When Sen. Elizabeth Warren, D-Mass., announced in February that she was running “a different kind of [presidential] campaign,” one that swore off high-dollar fundraisers and personal phone calls with wealthy donors, the Democratic establishment was skeptical that she could pull it off. There were internal concerns too: Warren’s finance director resigned after she decided not to pursue big donations during the primary.

The campaign’s finances improved however, with $19.1 million donated in the second quarter. As Politico reports Tuesday, forgoing traditional fundraising is just one way that “Warren is defying the traditional playbook for running a modern presidential campaign.”

There’s no outside polling firm or plans to marshal resources for a massive television ad campaign. In fact, campaign staff tells Politico that “it is shunning the typical model for producing campaign ads, in which outside firms are hired and paid often hefty commissions for their work. Instead, Warren’s campaign is producing TV, digital and other media content itself, as well as placing its digital ad buys internally.”

“Campaigns offer a chance not only to tell people what kind of president you’ll be, but to show it,” Joe Rospars, Warren’s chief campaign strategist, told Politico, adding, “She’s running her campaign the way she intends to govern: willing to question existing power structures, making decisions grounded in evidence, and always fighting to build something more progressive, more inclusive, more joyful — and more democratic — than what came before.”

This approach, Politico reporter Alex Thompson explains, “is a rebuke of the consultant-heavy model of campaigns — an often lucrative arrangement in which the people advising campaigns invariably tell candidates that the best political strategy is to buy what they sell, namely TV ads and polling.”

According to Thompson, the ascension of Rospars to chief campaign strategist also “signals that the campaign is prioritizing smartphones and computers over TV.”

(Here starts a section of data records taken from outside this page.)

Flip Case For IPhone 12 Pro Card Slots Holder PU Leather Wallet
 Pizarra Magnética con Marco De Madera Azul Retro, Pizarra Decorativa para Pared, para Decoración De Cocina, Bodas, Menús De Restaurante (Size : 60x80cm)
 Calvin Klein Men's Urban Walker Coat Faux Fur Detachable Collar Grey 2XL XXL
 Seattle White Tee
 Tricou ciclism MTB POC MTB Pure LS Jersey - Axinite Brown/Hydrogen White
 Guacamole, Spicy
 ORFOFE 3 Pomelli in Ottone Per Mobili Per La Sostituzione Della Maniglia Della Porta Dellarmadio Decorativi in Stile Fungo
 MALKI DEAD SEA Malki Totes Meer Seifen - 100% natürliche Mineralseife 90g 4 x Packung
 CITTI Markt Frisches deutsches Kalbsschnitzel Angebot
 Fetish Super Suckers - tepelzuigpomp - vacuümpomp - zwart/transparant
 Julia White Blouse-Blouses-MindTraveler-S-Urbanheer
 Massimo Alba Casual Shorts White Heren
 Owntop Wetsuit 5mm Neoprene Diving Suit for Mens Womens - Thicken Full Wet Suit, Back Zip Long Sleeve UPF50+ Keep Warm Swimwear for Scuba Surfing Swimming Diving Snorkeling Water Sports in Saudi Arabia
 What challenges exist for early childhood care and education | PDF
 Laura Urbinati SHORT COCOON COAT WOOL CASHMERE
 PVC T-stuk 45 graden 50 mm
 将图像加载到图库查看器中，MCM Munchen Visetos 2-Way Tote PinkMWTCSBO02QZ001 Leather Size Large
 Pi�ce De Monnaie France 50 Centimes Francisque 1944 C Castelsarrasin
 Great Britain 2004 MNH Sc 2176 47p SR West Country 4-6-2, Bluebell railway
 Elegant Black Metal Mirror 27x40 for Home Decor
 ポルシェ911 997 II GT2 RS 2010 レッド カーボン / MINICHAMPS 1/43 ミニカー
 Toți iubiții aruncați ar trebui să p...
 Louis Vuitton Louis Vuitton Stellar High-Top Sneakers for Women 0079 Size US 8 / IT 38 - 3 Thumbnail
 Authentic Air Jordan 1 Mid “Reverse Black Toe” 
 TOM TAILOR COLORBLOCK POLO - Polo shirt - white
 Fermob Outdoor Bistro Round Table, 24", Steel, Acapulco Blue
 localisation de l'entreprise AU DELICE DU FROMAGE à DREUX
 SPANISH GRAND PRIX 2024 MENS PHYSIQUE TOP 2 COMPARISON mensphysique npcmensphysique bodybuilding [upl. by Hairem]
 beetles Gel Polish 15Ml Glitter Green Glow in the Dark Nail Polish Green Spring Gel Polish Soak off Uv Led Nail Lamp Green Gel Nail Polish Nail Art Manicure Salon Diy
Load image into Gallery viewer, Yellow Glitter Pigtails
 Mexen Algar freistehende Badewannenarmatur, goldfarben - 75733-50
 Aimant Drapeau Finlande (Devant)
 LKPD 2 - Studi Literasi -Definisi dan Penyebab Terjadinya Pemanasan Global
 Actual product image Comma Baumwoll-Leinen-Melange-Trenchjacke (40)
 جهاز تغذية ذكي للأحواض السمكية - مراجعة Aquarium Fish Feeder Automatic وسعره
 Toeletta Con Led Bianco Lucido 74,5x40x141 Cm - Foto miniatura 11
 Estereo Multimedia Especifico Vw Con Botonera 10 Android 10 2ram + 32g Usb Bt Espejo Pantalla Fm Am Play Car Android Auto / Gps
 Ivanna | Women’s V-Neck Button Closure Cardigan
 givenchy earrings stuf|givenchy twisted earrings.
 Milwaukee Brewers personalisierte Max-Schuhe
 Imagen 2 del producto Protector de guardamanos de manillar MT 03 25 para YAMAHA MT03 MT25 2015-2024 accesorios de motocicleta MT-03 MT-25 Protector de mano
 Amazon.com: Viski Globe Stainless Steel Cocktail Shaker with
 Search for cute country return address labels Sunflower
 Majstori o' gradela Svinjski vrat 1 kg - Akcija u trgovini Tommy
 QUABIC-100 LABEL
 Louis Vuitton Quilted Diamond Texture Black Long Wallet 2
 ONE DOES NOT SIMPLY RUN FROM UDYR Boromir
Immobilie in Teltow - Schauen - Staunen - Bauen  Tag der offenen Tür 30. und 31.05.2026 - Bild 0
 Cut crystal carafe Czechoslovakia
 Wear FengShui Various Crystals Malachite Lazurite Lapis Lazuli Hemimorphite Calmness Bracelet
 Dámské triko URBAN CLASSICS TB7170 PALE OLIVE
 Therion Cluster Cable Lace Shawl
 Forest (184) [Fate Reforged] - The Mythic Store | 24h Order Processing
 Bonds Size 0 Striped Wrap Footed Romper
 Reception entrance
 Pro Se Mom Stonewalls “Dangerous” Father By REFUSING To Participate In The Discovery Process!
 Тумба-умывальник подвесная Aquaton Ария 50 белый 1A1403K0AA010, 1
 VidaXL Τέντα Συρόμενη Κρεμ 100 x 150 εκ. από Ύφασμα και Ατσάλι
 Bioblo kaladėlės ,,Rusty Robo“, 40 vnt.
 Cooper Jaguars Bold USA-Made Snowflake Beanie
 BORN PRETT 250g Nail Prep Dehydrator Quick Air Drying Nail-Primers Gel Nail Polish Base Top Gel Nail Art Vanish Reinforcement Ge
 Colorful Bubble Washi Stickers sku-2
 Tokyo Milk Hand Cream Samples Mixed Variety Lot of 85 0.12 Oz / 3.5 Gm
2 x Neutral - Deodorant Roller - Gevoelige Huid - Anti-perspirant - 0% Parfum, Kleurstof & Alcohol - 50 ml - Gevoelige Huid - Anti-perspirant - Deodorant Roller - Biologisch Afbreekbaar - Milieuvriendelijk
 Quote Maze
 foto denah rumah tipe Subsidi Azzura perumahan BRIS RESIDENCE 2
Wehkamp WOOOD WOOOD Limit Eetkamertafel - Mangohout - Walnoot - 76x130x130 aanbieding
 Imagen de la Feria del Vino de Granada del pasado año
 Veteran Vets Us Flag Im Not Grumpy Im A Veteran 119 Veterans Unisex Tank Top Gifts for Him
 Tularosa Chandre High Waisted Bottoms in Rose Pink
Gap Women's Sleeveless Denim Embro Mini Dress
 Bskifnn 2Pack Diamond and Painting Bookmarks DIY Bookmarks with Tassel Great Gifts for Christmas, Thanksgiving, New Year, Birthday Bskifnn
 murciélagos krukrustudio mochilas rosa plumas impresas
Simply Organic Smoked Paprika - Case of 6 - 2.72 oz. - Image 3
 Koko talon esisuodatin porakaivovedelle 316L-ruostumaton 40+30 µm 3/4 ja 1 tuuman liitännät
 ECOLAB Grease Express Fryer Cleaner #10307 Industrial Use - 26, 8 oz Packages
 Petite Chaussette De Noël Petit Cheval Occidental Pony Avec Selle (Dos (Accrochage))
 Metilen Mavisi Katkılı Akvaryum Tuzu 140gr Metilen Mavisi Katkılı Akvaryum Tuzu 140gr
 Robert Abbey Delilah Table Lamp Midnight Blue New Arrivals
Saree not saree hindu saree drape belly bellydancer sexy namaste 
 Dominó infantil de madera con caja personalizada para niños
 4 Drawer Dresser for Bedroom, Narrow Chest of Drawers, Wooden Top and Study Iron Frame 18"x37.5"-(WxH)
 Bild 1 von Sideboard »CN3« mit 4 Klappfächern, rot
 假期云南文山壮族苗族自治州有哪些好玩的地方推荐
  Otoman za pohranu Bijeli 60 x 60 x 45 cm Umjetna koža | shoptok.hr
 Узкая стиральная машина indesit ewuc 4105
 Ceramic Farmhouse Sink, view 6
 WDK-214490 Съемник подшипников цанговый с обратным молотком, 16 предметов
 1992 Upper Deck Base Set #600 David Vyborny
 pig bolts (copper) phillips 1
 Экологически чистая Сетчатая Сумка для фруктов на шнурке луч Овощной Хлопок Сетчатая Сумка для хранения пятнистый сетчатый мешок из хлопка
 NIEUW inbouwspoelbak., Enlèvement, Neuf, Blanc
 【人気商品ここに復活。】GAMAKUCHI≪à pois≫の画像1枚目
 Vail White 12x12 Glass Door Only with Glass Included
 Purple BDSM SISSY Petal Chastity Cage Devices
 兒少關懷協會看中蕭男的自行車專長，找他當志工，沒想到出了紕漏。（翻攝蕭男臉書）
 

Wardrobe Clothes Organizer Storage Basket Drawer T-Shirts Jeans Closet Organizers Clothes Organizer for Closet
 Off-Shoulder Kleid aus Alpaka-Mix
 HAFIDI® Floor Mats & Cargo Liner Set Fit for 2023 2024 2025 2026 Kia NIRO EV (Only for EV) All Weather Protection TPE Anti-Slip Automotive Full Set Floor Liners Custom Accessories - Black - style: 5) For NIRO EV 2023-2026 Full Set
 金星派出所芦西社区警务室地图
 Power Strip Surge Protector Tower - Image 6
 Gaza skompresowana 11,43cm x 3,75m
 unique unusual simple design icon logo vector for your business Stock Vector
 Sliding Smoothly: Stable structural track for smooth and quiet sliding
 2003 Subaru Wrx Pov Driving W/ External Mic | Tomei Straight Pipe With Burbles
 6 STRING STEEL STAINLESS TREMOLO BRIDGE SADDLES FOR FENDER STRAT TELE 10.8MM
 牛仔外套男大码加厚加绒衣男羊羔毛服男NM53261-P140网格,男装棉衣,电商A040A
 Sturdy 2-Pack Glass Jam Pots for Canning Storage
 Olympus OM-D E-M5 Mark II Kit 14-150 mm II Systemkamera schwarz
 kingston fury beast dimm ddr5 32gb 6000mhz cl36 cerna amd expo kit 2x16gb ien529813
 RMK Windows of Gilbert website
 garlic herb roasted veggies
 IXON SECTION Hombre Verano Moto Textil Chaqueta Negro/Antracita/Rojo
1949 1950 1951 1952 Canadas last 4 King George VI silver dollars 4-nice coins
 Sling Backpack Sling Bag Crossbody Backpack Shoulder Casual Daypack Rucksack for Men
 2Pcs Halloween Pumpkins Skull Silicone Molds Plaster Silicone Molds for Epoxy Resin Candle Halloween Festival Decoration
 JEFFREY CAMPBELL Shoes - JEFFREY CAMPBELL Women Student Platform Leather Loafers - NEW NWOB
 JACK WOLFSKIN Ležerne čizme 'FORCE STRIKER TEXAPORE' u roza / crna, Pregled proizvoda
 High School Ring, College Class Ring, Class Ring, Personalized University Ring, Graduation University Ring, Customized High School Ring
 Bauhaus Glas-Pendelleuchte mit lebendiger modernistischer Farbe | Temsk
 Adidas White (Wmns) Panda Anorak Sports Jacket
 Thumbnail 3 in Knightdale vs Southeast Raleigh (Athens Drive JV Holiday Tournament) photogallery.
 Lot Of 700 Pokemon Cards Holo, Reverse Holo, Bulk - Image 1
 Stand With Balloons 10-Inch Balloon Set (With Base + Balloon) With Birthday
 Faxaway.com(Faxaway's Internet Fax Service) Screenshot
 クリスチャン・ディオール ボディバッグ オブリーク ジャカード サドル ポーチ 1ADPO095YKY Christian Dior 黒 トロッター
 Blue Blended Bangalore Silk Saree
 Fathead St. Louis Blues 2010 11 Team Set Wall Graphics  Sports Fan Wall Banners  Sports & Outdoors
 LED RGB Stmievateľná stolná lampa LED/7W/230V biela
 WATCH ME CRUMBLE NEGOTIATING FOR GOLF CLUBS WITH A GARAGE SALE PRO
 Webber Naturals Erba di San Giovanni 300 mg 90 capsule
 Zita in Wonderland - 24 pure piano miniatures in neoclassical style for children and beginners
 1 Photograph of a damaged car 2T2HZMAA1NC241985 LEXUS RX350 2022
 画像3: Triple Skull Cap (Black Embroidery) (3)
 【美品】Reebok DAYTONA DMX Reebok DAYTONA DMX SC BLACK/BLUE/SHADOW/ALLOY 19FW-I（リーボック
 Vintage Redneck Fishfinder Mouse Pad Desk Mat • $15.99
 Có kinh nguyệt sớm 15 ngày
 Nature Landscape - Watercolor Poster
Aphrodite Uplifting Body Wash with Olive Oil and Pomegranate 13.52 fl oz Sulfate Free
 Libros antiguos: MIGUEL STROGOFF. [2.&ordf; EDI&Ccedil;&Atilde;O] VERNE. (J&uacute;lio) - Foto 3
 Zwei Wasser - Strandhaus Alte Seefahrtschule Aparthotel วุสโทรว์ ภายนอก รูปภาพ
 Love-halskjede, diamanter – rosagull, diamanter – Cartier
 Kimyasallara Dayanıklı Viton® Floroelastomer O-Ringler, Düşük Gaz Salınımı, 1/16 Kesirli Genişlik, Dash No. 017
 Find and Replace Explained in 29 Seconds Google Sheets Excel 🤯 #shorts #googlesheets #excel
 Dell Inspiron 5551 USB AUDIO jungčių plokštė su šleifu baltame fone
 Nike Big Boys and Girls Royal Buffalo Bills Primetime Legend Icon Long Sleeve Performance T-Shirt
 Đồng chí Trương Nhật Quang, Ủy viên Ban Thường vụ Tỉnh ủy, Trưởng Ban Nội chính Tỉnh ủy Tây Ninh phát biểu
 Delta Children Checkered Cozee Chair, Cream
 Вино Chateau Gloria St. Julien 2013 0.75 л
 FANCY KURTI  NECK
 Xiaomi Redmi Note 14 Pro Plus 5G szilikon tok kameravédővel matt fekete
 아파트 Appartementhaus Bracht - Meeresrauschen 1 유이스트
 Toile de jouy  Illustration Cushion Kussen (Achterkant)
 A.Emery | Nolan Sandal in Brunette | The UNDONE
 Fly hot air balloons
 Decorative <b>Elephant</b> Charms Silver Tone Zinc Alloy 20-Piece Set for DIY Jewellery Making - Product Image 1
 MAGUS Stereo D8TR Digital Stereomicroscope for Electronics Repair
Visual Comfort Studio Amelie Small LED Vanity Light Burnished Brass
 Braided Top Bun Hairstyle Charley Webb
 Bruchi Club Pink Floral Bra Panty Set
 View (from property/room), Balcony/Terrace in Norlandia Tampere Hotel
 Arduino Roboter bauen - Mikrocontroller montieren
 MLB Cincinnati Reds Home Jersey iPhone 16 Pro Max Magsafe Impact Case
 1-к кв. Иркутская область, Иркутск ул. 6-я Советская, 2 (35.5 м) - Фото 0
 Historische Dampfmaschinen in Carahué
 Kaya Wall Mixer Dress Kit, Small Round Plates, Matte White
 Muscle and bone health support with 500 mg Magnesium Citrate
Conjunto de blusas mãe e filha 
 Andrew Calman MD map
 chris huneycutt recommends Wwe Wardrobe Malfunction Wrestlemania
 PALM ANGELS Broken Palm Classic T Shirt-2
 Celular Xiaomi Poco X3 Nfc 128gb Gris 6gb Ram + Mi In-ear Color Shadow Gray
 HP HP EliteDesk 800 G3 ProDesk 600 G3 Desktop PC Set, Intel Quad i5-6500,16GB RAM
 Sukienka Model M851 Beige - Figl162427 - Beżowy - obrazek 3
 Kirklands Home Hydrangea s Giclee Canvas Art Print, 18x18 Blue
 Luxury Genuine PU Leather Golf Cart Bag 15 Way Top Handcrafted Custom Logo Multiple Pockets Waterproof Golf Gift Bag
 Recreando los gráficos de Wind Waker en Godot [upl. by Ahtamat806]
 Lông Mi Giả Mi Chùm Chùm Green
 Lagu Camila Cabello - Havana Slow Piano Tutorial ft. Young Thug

If Warren makes it to the general election, Thompson writes, “a large swath of Democratic consultants, including some whom Warren has used in past campaigns, could be relegated to the sidelines.”

Members of the consultant class on both sides of the aisle aren’t convinced Warren has made the right choice. GOP consultant Mike Murphy, who worked for Jeb Bush in 2016, told Politico, “Quality has cost. I’d rather have Jim Margolis [who is working for Kamala Harris] on my side and pay some fees than ‘Larry’ in a cubicle in-house who is learning media buying.”

Rufus Gifford, the finance director for former President Barack Obama’s re-election campaign, told The New York Times in March: “If Warren says, ‘I can’t raise enough money, so my way to win is through an aggressive field operation because I have fired-up volunteers,’ well, Bernie and Beto can say, ‘O.K., well, we can do both.’ ”

Warren’s campaign aides counter that their in-house approach makes the campaign nimbler. In interviews with Politico they point to Warren’s response after Alabama passed legislation that almost entirely banned abortion. In just two days, her campaign had a plan to codify Roe v. Wade on the federal level, plus ads, graphics, social media content and a strategy to garner traditional media coverage for the plan. She was even able to reach out to abortion rights groups personally.

If she makes it to the general election, Warren’s rejection of consultants could be game-changing. Tim Lim, a Democratic consultant and partner at the strategic consulting firm NewCo, told Politico that if Warren’s robust in-house operations are successful, “This will change the way that campaigns are run.”